Spontaneous coronary artery dissection (SCAD) is increasingly recognised as an important cause of myocardial infarction (MI), especially in younger women. It is defined as a non-traumatic and non-iatrogenic separation of the coronary artery wall, which creates a false lumen that may or may not be in continuity with the true lumen. Although conventionally SCAD may be atherosclerotic or non-atherosclerotic in origin, contemporary series have focused on the non-atherosclerotic variant, since the pathophysiology, management, and outcomes are distinct from atherosclerotic coronary artery disease (which causes atherosclerotic SCAD). As such, contemporary usage of the term ‘SCAD’ is typically synonymous with non-atherosclerotic SCAD.

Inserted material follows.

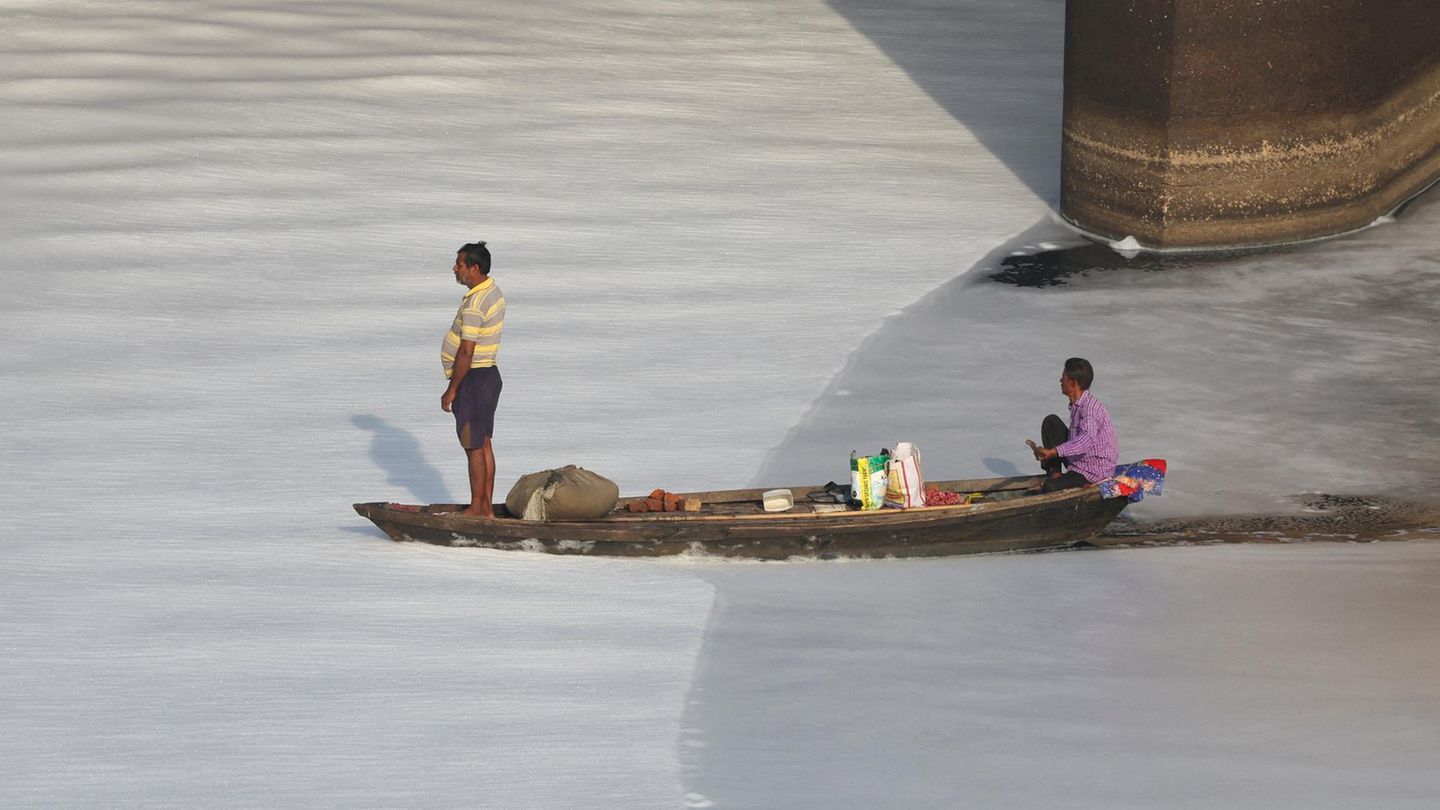 Neu-Delhi, Indien. Schaum so weit das Auge reicht: Zwei Fischer fahren mit einem Boot durch den verschmutzten Yamuna-Fluss in der Hauptstadt. Er ist der wichtigste Nebenfluss des Ganges und gilt als einer der giftigsten Flüsse weltweit.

SCAD may be a result of an intimal-medial tear that can manifest as multiple radiolucent lumen on angiography, or it may result from spontaneous haemorrhage into the arterial wall that can be angiographically subtle. In fact, <30 % of SCAD have angiographic type 1 appearance (pathognomonic contrast stain of arterial wall with multiple radiolucent lumen) in the author’s large contemporary series.1 Thus, intracoronary imaging with optical coherence tomography (OCT) or intravascular ultrasound (IVUS) play important roles in the diagnosis of non-type 1 angiographic variant of SCAD. These type 2 and 3 variants have angiographic appearance of diffuse smooth stenosis or mimic atherosclerosis, respectively.2 The diagnosis of SCAD on OCT or IVUS requires presence of intramural haematoma and/or separation of the intimomedial membrane creating double lumen.3 In the author’s largest reported intracoronary imaging SCAD series of 22 patients, the lengths of these dissections on angiography are long, especially the type 2 forms (mean length ~58 mm).3 These angiographic variants were previously poorly recognised, resulting in missed and misdiagnosis of SCAD. Thus, there is a great emphasis on angiographers to become familiar with these non-pathognomonic angiographic SCAD variants to improve diagnosis.
The etiology of SCAD is not fully understood, but recent large series suggest that the majority of patients have potential underlying predisposing arteriopathy, such as fibromuscular dysplasia (FMD), connective tissue disorder and systemic inflammatory conditions, or the condition may be pregnancy-related.1 Less than 20 % may be idiopathic, where no predisposing arteriopathy is identified after vascular screening or detailed questionnaires for these disorders. The most dominant association with SCAD is FMD. Since the author’s discovery of the strong association and publication of the first case series of concomitant SCAD and FMD in 2012,4 the author and others subsequently reported that non-coronary FMD was present in up to 86 % of patients with SCAD.1,5,6 On the other hand, pregnancy-related SCAD (previously thought to be a major cause of SCAD) has a much lower reported frequency (<5 %) as a predisposing cause in contemporary series.7 Additional precipitating stressors, such as intense emotional stress, physical activities, hormone therapy, sympathomimetic drugs and intense Valsalva-like activities (e.g. vaginal delivery, coughing, retching, vomiting, bowel movement) have been reported to precipitate SCAD,1 especially in patients with underlying predisposing arteriopathy.